• [Requirement]
With the pictures left out, please return exactly the line holding "Slide: The Image" and each following line until the entries end.

------------------------------------------------

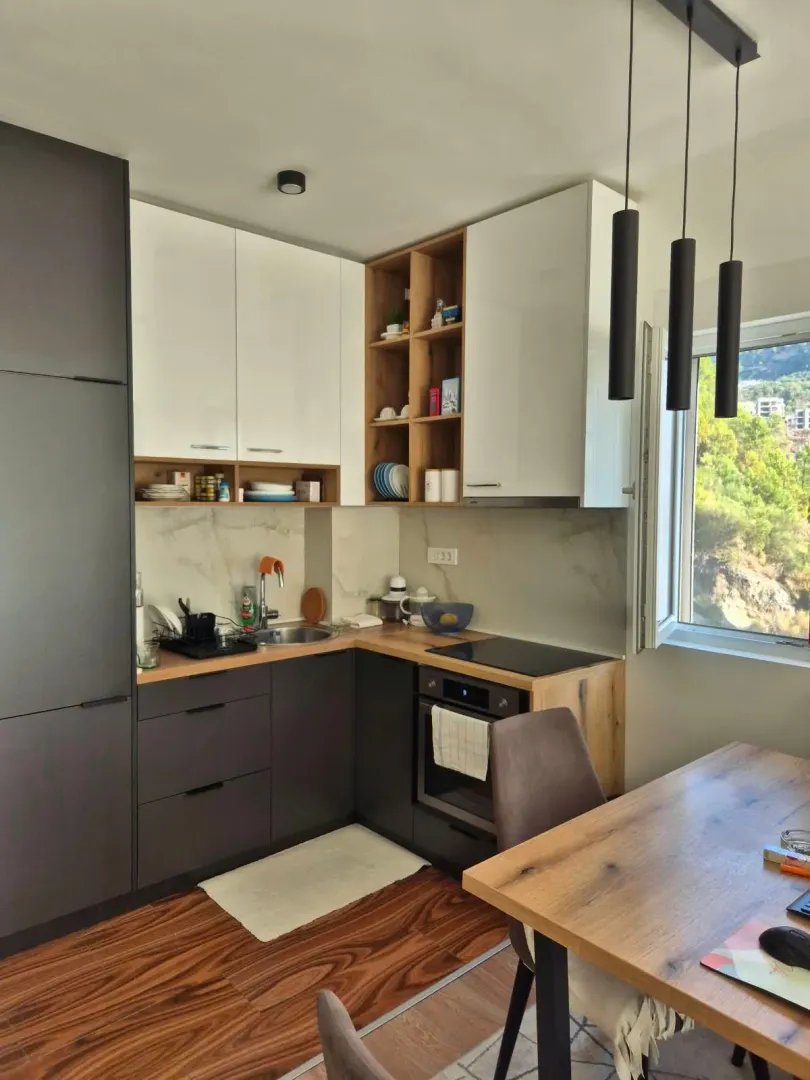 Modern kitchen with dark and white cabinetry and a dining table.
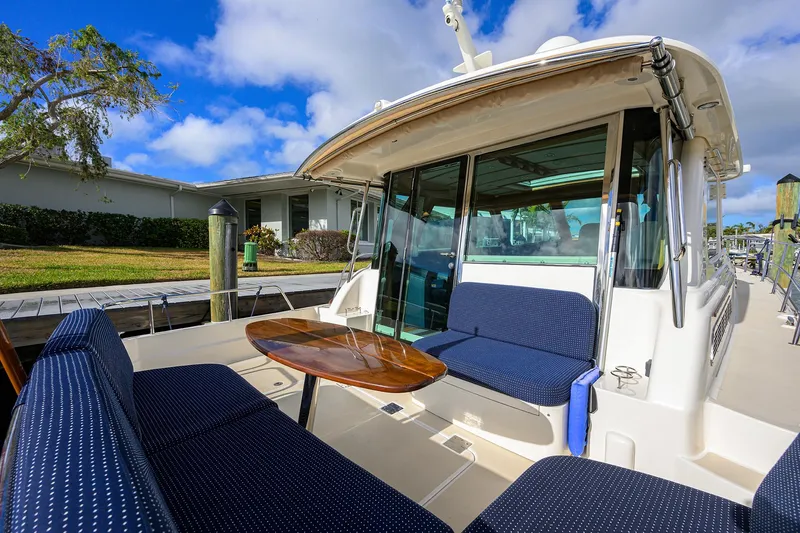 Slide: The Image of 2023 Sabre 48 Salon Express yacht with outdoor seating and table, docked under blue skies. - 42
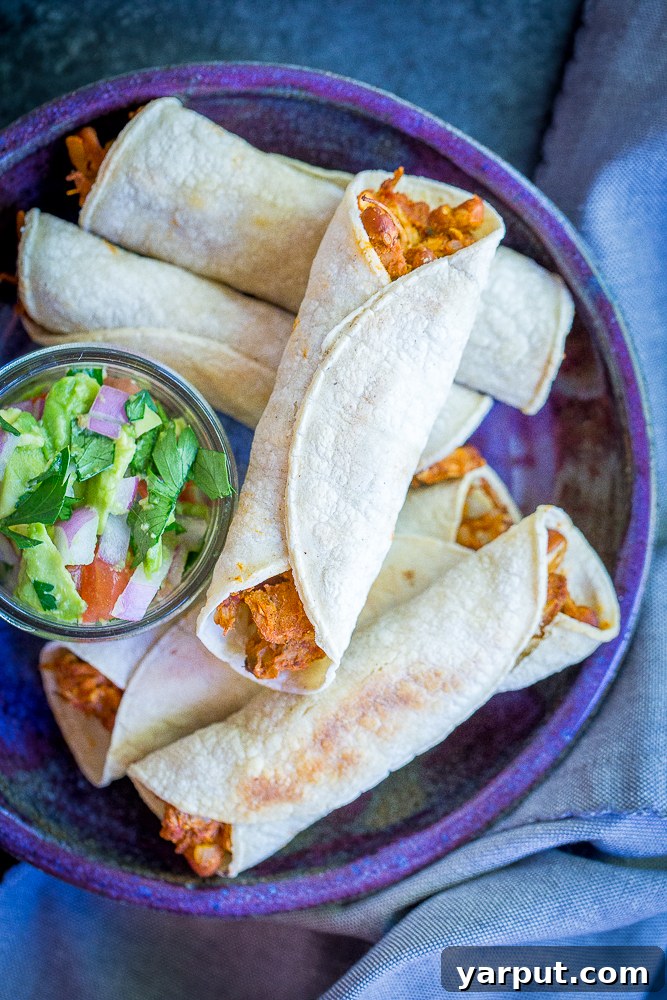 Pinto Bean and Jackfruit Taquitos, a delicious and savory vegan taquito option, served with a dipping sauce.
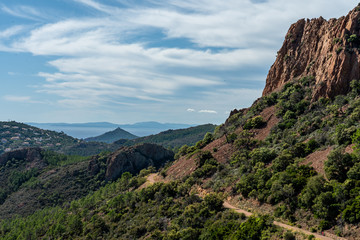 Fototapeta na wymiar cap roux hiking trail In the red rocks of the Esterel mountains with the blue sea of the Mediterranean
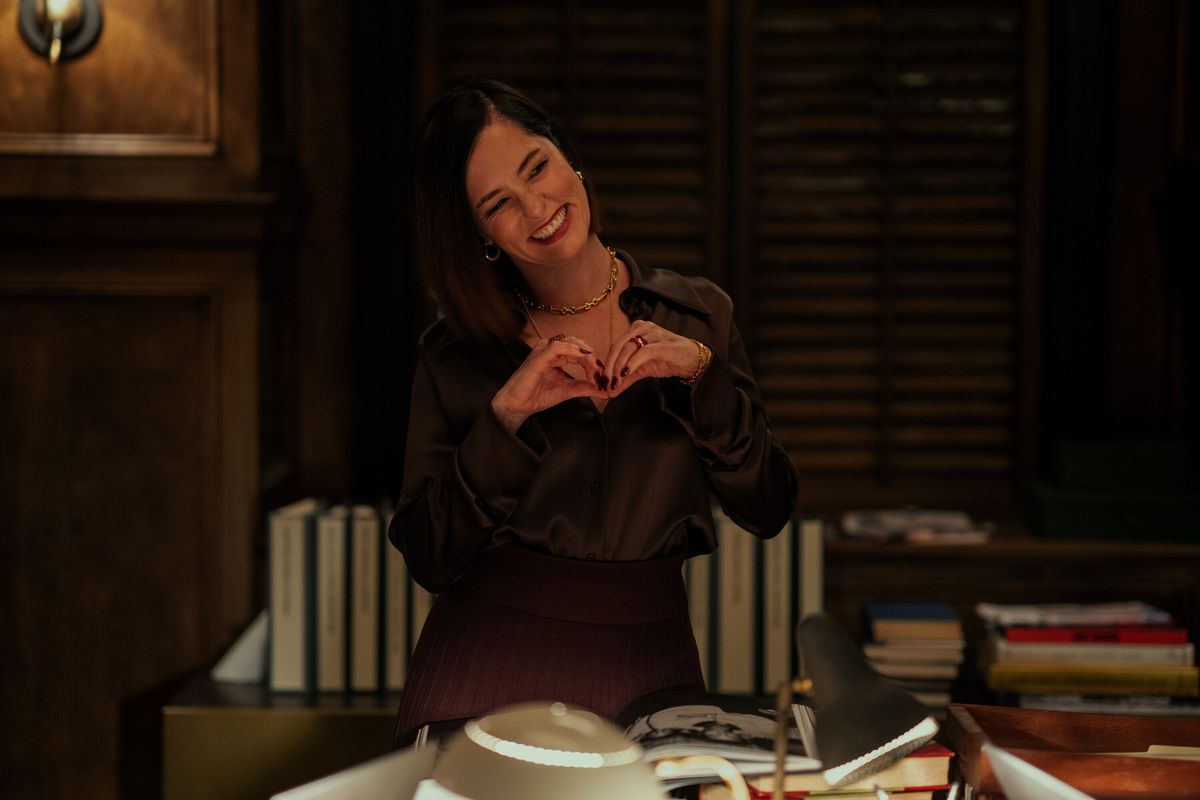 Parker Posey smiles and makes a love heart shape with her hands in a dark study in Mr. &amp; Mrs. Smith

------------------------------------------------

• [Solved problem]
 Slide: The Image of 2023 Sabre 48 Salon Express yacht with outdoor seating and table, docked under blue skies. - 42
 Pinto Bean and Jackfruit Taquitos, a delicious and savory vegan taquito option, served with a dipping sauce.
 Fototapeta na wymiar cap roux hiking trail In the red rocks of the Esterel mountains with the blue sea of the Mediterranean
 Parker Posey smiles and makes a love heart shape with her hands in a dark study in Mr. &amp; Mrs. Smith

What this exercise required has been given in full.